Uno degli strumenti di protezione e valorizzazione dei patrimoni è il trust, istituto d’origine medievale in cui un fondatore/disponente vi colloca beni immobili, partecipazioni societarie, mobili registrati, mobili, opere d’arte, ecc. con una ottima efficacia per le diverse finalità per cui viene istituito: dalla trasmissione del patrimonio, anche per passaggio generazionale, alla protezione dello stesso o di singoli beni, dal vincolo o prescrizioni circa l’uso per raggiungere determinate finalità (forme di investimento e/o pensionistiche, tutela di minori o disabili, charity) alla ottimizzazione fiscale dei flussi, ecc. .

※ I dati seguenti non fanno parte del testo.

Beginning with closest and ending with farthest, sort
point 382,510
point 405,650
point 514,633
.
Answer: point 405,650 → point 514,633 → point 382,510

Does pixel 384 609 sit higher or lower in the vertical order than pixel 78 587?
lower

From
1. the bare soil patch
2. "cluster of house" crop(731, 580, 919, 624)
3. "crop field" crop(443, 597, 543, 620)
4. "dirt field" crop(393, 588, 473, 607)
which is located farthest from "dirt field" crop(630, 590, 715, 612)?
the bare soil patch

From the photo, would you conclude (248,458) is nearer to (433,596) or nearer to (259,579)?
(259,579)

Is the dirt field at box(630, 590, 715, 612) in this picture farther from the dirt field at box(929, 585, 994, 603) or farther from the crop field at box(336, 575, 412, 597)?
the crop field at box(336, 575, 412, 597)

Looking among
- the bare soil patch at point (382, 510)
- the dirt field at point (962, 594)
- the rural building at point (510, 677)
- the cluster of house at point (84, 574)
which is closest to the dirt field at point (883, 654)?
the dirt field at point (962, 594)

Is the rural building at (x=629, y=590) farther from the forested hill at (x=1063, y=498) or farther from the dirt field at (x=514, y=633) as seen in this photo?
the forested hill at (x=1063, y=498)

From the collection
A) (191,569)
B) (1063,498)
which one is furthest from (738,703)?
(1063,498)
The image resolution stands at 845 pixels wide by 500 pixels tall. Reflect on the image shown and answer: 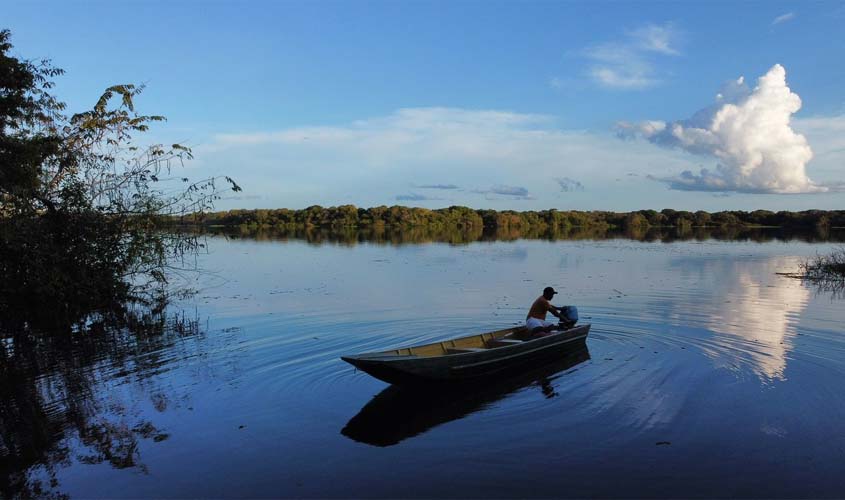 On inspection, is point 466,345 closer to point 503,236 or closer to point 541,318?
point 541,318

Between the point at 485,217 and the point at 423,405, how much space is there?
137 metres

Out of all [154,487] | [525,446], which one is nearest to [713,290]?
[525,446]

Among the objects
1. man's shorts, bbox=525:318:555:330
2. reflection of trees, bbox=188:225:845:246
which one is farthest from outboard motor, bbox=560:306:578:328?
reflection of trees, bbox=188:225:845:246

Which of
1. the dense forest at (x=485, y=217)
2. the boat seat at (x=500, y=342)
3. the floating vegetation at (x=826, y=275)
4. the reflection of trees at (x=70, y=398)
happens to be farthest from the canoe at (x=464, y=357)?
the dense forest at (x=485, y=217)

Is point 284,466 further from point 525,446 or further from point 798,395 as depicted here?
point 798,395

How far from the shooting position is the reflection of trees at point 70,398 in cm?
817

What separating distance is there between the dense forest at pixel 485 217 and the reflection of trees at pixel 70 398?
11196cm

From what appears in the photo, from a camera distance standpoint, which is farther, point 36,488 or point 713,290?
point 713,290

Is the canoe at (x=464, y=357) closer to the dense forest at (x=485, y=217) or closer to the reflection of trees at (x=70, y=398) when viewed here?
the reflection of trees at (x=70, y=398)

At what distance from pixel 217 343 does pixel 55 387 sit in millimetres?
4348

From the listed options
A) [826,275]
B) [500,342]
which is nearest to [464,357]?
[500,342]

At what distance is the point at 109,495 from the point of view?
284 inches

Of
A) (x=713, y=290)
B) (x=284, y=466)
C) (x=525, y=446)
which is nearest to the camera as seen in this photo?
(x=284, y=466)

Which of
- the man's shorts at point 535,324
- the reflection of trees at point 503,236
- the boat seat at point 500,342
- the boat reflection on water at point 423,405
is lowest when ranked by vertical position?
the boat reflection on water at point 423,405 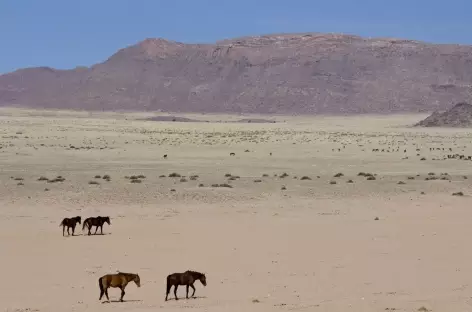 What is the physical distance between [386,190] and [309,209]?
247 inches

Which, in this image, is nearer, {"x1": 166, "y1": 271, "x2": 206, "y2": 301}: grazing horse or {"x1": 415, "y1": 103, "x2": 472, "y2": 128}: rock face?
{"x1": 166, "y1": 271, "x2": 206, "y2": 301}: grazing horse

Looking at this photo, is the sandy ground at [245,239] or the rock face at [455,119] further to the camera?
the rock face at [455,119]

Tra i principali motivi per l’utilizzo dei trust vi sono, come ricordano i promotori della legge svizzera: la protezione dei beni, che posti in tali strutture sono al riparo da eventi pregiudizievoli legati alle singole persone (separazione di patrimonio personale da patrimonio aziendale o protezione da comportamenti personali avventati come gioco d’azzardo, uso di droghe), la tutela dei minori e dei soggetti diversamente abili, tutela nel passaggio generazionale, e anche beneficenza, forme di investimenti e pensionistiche.
Una panoramica sull’Istituto del Trust può essere tratta da quest’articolo, che a distanza di due lustri mantiene la sua validità espressiva.

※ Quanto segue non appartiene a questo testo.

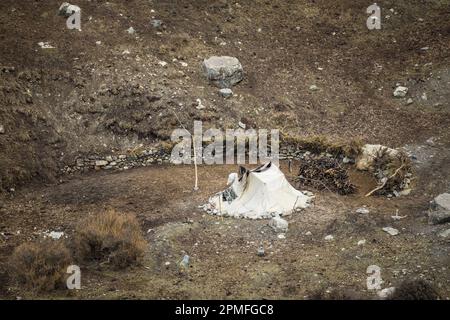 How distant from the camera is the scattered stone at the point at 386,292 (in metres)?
8.43

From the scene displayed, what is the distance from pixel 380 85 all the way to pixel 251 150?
3928 mm

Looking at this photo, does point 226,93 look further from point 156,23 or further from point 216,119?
point 156,23

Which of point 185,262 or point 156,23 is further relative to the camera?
point 156,23

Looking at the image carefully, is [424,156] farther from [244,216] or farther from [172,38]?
[172,38]

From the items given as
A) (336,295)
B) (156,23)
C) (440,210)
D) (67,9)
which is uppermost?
(67,9)

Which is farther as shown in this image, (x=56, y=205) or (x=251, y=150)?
(x=251, y=150)

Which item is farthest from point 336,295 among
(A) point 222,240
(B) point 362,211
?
(B) point 362,211

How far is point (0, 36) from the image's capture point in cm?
1391

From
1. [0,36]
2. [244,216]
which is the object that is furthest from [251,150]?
[0,36]

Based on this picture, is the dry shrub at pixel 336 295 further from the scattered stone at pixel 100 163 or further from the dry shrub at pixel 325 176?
the scattered stone at pixel 100 163

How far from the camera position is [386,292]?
8500mm

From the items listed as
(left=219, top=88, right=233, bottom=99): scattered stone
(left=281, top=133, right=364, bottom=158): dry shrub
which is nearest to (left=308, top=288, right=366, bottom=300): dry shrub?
(left=281, top=133, right=364, bottom=158): dry shrub

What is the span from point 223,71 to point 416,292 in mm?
7515

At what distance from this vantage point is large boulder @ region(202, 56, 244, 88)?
14125mm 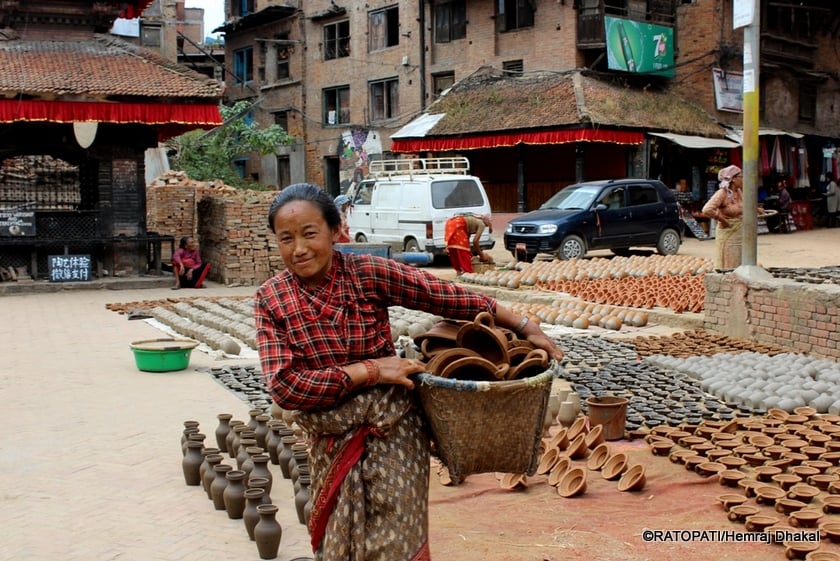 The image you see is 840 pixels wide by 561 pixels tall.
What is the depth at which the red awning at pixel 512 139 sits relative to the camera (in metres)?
25.3

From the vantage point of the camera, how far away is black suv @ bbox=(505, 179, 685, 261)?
1955 cm

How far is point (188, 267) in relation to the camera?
18094mm

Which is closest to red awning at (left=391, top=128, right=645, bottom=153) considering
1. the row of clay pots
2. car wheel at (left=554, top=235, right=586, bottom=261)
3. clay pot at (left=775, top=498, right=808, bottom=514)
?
car wheel at (left=554, top=235, right=586, bottom=261)

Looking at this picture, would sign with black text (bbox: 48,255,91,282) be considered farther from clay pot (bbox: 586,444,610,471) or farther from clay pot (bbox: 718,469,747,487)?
clay pot (bbox: 718,469,747,487)

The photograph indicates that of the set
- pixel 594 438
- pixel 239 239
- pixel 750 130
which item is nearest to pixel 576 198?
pixel 239 239

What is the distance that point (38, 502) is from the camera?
5520 millimetres

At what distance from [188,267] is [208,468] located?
13.0 metres

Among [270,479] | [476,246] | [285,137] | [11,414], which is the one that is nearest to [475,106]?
[285,137]

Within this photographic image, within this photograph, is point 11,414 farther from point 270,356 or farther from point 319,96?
point 319,96

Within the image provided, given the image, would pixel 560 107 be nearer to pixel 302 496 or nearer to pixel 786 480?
pixel 786 480

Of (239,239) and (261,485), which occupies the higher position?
(239,239)

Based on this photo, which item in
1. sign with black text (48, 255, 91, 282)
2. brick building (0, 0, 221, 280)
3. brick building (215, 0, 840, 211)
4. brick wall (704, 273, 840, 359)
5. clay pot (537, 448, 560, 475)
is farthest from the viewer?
brick building (215, 0, 840, 211)

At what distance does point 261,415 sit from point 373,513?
3.58 meters

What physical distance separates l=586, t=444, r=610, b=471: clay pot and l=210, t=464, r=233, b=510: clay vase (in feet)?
7.30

Numerosi Paesi, tra cui l’Italia, aderendo alla Convenzione dell’Aja (recepita in Italia con la Legge 16 ottobre 1989 n. 364) hanno scelto di fare shopping di legislazioni di altri Paesi cui regolamentare il proprio Trust. Ed allora si va dalla legge maggiormente utilizzata di Jersey ma anche quella inglese, di Cayman, Malta, San Marino, Nuova Zelanda, Bahamas, Guernsey, British Virgin Islands, singoli Stati Usa, Israele o, per finire, quella cinese introdotta con il “Trust law of people’s Republic of China”.